Of note: the Rangers’ best defenceman was also back on the ice with a sore jaw to protect. Ching Johnson had broken his in a February collision with the Bruins’ Dit Clapper, only making his return to the line-up in the Rangers’ previous game. The device that he wore wasn’t so much a helmet as — well, in New York’s Daily News, Noel Busch described it as “a brown bib or choker of some sort, patterned after a horse collar and intended to ward off any injuries to his tender portion.”

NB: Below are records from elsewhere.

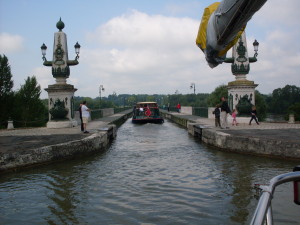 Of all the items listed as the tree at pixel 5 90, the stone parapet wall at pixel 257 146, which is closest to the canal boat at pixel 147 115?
the tree at pixel 5 90

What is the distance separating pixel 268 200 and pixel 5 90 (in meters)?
41.3

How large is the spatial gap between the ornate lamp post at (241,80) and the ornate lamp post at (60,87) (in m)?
10.4

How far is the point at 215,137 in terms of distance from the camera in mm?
13992

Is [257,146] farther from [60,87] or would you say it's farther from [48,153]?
[60,87]

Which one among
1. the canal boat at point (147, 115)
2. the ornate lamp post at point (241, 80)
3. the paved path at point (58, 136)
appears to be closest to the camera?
the paved path at point (58, 136)

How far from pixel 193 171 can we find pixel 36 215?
478 centimetres

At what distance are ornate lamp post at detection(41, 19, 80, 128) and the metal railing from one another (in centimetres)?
1854

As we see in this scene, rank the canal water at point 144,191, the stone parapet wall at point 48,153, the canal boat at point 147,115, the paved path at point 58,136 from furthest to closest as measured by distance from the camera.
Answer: the canal boat at point 147,115, the paved path at point 58,136, the stone parapet wall at point 48,153, the canal water at point 144,191

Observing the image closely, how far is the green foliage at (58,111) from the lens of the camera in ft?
64.3

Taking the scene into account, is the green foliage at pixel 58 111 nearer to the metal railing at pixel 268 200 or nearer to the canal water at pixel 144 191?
the canal water at pixel 144 191

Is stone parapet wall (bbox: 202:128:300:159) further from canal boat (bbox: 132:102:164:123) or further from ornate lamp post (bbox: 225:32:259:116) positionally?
canal boat (bbox: 132:102:164:123)

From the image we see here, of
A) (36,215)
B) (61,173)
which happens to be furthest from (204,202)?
(61,173)

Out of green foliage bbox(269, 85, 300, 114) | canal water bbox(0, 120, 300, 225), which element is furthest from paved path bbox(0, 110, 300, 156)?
green foliage bbox(269, 85, 300, 114)

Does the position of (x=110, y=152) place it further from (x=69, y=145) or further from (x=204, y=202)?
(x=204, y=202) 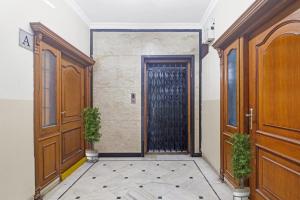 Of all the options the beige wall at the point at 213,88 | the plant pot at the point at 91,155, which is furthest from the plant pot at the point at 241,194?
the plant pot at the point at 91,155

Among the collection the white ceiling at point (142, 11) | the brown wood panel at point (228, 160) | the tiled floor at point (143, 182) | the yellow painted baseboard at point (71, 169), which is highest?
the white ceiling at point (142, 11)

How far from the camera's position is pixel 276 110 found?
220cm

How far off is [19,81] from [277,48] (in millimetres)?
2713

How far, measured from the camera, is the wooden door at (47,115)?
292 centimetres

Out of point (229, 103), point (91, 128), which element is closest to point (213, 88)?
point (229, 103)

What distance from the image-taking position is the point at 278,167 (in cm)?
218

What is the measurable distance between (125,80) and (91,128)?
132 centimetres

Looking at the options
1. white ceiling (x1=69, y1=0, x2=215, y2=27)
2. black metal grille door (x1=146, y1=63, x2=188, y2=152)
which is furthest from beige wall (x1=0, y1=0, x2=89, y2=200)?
black metal grille door (x1=146, y1=63, x2=188, y2=152)

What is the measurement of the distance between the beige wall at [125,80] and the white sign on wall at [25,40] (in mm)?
2466

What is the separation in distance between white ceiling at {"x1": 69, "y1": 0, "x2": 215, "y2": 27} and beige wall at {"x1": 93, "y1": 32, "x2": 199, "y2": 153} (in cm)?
42

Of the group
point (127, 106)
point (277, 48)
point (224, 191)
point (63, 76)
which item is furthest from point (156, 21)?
point (224, 191)

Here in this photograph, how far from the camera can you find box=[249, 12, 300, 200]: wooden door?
1.92m

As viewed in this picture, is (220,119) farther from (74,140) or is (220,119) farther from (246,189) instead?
(74,140)

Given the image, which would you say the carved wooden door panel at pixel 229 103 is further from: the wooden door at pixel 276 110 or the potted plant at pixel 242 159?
the potted plant at pixel 242 159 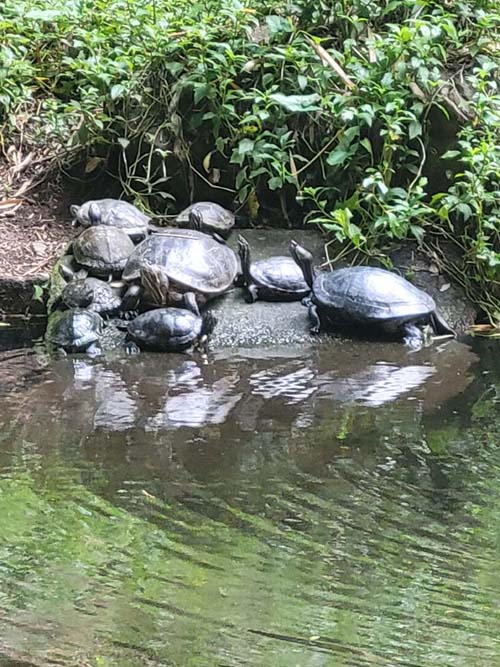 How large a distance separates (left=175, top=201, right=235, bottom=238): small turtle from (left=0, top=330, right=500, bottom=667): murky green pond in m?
1.77

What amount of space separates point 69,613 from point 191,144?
17.4 ft

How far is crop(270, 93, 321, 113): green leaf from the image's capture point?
6.18m

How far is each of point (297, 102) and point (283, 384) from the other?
8.63ft

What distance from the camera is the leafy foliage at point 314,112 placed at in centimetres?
603

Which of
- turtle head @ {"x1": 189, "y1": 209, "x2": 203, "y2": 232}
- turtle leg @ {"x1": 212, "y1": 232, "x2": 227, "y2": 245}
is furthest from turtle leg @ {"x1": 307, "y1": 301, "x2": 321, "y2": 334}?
turtle head @ {"x1": 189, "y1": 209, "x2": 203, "y2": 232}

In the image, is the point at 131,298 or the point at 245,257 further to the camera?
the point at 245,257

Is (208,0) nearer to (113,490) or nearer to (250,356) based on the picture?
(250,356)

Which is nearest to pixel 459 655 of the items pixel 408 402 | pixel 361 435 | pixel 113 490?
pixel 113 490

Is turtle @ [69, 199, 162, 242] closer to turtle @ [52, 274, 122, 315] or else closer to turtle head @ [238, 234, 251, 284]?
turtle @ [52, 274, 122, 315]

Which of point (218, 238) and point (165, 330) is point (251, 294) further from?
point (165, 330)

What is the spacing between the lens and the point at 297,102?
245 inches

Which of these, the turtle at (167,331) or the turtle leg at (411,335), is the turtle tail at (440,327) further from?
the turtle at (167,331)

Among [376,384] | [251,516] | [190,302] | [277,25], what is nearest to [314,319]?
[190,302]

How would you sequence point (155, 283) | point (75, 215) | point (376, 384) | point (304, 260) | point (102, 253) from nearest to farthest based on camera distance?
point (376, 384) < point (155, 283) < point (304, 260) < point (102, 253) < point (75, 215) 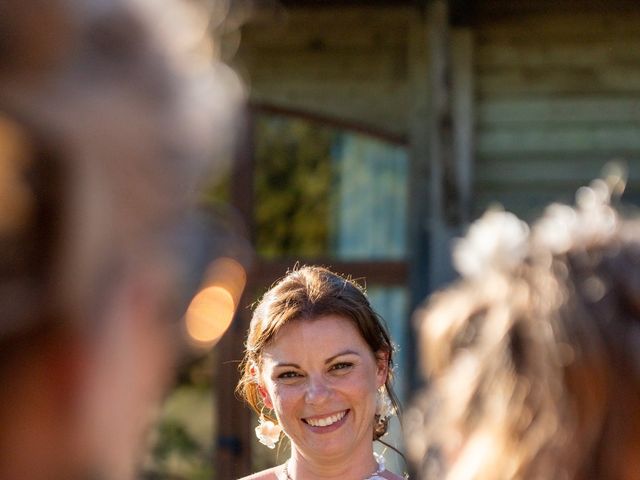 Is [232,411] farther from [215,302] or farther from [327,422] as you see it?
[215,302]

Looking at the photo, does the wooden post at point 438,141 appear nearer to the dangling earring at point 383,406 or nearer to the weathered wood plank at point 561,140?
the weathered wood plank at point 561,140

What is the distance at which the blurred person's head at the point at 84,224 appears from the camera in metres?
0.48

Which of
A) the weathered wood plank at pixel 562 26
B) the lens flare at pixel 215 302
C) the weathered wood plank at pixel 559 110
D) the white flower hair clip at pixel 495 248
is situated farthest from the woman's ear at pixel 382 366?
the weathered wood plank at pixel 562 26

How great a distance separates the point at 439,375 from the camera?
1.33 meters

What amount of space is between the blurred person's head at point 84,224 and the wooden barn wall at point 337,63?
632 centimetres

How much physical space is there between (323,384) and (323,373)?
0.09 ft

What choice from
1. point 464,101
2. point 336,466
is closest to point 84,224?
point 336,466

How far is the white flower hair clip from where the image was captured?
1274 millimetres

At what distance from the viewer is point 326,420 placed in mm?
2750

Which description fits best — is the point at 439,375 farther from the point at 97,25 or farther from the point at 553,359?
the point at 97,25

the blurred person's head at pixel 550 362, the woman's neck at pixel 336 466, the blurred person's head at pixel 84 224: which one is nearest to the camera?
the blurred person's head at pixel 84 224

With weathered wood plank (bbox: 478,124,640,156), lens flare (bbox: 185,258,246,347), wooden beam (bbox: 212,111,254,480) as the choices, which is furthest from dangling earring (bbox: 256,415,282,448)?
weathered wood plank (bbox: 478,124,640,156)

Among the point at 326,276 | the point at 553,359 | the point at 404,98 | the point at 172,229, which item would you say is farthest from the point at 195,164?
the point at 404,98

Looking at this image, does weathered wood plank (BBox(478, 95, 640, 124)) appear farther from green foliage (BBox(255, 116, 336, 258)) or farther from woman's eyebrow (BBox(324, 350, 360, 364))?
woman's eyebrow (BBox(324, 350, 360, 364)) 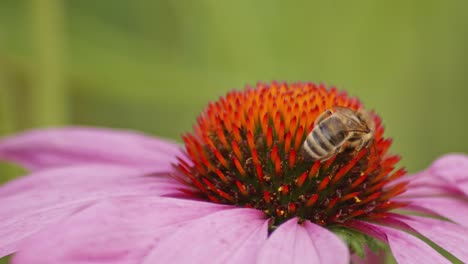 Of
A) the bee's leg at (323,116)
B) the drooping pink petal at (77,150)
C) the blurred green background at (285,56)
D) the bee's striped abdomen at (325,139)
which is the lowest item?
the bee's striped abdomen at (325,139)

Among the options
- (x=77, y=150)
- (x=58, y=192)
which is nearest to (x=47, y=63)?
(x=77, y=150)

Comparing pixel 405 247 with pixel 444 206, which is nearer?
pixel 405 247

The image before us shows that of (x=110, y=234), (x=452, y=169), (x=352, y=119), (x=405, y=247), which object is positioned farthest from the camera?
(x=452, y=169)

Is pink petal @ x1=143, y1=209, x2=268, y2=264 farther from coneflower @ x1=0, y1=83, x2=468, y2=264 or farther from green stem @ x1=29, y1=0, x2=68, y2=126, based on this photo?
green stem @ x1=29, y1=0, x2=68, y2=126

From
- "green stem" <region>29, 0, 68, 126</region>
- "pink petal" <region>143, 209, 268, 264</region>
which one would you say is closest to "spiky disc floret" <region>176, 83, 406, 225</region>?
"pink petal" <region>143, 209, 268, 264</region>

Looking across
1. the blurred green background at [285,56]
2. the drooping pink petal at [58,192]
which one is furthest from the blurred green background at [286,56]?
the drooping pink petal at [58,192]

Hitchman subsequently played in all six of Boston’s playoff games that spring. They first faced the Montreal Maroons, overwhelming them in four games. The limits of Hitchman’s headgear were apparent in both the second game, when a Montreal stick cut him over the left eye for two stitches and the fourth, during which Nels Stewart caught the Boston captain over the right, adding seven new stitches to his forehead.

The Bruins met the Canadiens in the final. Despite Hitchman’s best efforts, they couldn’t defend their title, falling in two straight games to the mightier of the Montreals. John Hallahan was at the Montreal Forum to see the decisive game, which saw Montreal prevail 4-3 after a puck that Cooney Weiland put past George Hainsworth was deemed to have been kicked in and so disallowed.

“After the final bell,” Hallahan wrote, “the players condoled and congratulated each other. Capt Lionel Hitchman and Manger [Art] Ross raced to the Canadiens’ dressing room to congratulate the winners.”